Rona Pondick (born April 18, 1952) is an American sculptor. She lives and works in New York City. Using the language of the body in her sculpture, in both a literal and a metaphorical sense, has been of interest to Pondick since the beginnings of her career in 1977. An abiding concern of hers has been the exploration of the use of different materials, a consistent motif that runs throughout her work from its beginnings to the present day.

Early life
Raised in Brooklyn, New York, Rona Pondick earned her Bachelor of Fine Arts from Queens College in New York in 1974. She earned a Master of Fine Arts in 1977 from Yale University School of Art in New Haven, Connecticut, where she studied sculpture with David Von Schlegell, an American sculptor, and also studied with Richard Serra, who was a visiting artist in the program at the time.

Artistry 
Pondick began to exhibit in galleries and museums in the mid 1980s, and since that time her sculpture and site-specific installations have been shown in exhibitions throughout the world. Her work can be divided into two stylistic periods: early work based on fragments that reference the human body, and later work centered around the human body as part of hybrid sculptures, merged with forms from nature of flora and fauna.

Color
In 2018, Lynn Zelevansky wrote, “Color … enhances the informality and approachability of Pondick’s new work. Each object is named for the colors it contains. Her palette begins with the primary hues for photographic printing—magenta, cyan, and yellow—to which she adds green, blue, black, and white. Made from resin, acrylic, and an epoxy modeling compound…they are each partly translucent and in places almost evanescent, changing as the light changes and as viewers move around them…  The addition of color and the new materials significantly alter the visual impact and emotional tenor of Pondick’s art.”

Artist's technique
In her sculpture, Pondick has always used traditional methods such as carving, hand-modeling, mold-making, and metal casting, and at times, has used the latest in 3D computer technologies occasionally for modeling but largely for scaling.
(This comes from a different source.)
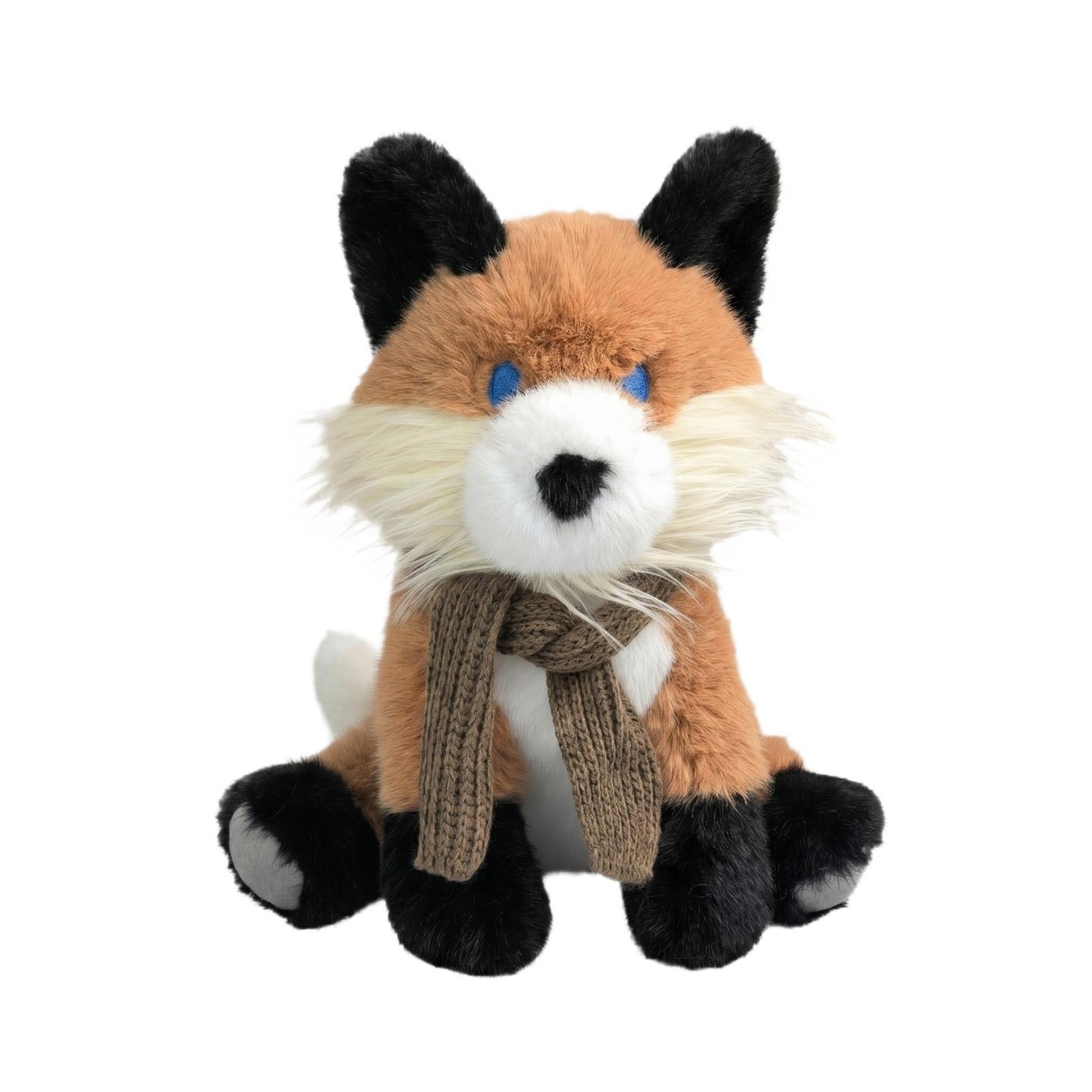 Cute Plush Doll Sitting Posture Plush Toy Simulation Doll One Size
This results in a mystery in the process, and it is often hard to discern how these objects are made.

Early work: fragments
Beginning with work from the early 1980s, Pondick has worked with fragments that invoke the body, including shoes, baby bottles, and teeth, “a quirky vocabulary of anatomical parts and body related objects that had some of Louise Bourgeois' oddity and near-surrealism and Philip Guston’s poignant, ambiguous symbolism.” These early provocative works have included scatological references in bodily assemblages. Her early work has been interpreted by critics in numerous ways, as a feminist critique of Freudian theories of sexuality, as an expression of infantile and juvenile desires, and as “Freudian vaudeville acts designed to make you laugh until you feel something caught in your throat.”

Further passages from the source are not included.